**Task**: Of the entries below, restate word for word only the section that runs from the line with "Microcurrent Wand - Medicube JAPAN" to the line with "Der türkische Oppositionspolitiker", counting both ends.

**Data extracts**:
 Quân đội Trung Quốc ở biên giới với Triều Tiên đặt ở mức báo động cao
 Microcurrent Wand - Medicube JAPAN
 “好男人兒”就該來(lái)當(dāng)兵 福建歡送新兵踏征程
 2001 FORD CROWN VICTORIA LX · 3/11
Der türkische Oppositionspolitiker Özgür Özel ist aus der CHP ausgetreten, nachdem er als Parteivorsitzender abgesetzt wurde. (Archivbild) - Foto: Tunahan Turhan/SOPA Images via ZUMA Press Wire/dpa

...

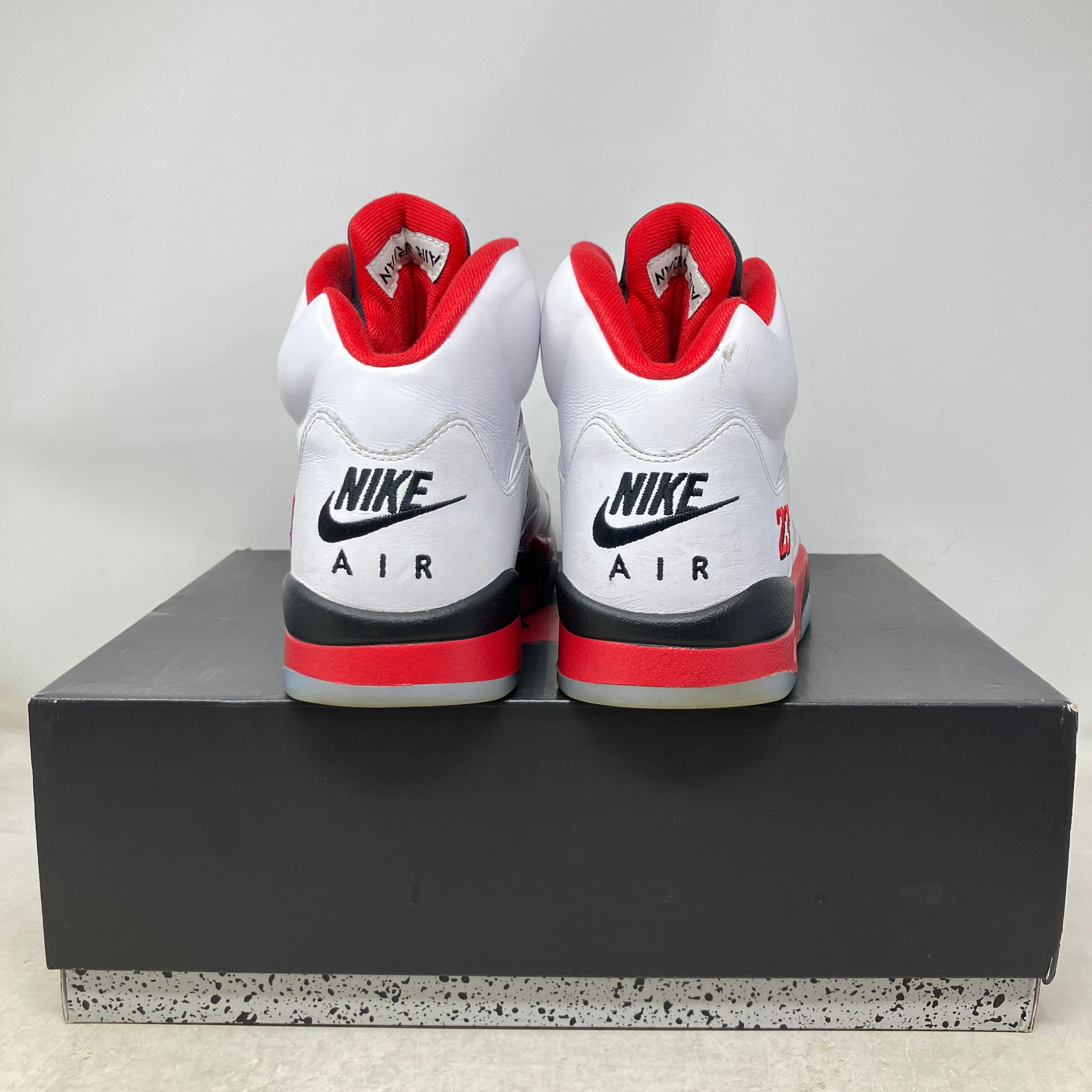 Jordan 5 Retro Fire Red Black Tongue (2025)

**Response**:
 Microcurrent Wand - Medicube JAPAN
 “好男人兒”就該來(lái)當(dāng)兵 福建歡送新兵踏征程
 2001 FORD CROWN VICTORIA LX · 3/11
Der türkische Oppositionspolitiker Özgür Özel ist aus der CHP ausgetreten, nachdem er als Parteivorsitzender abgesetzt wurde. (Archivbild) - Foto: Tunahan Turhan/SOPA Images via ZUMA Press Wire/dpa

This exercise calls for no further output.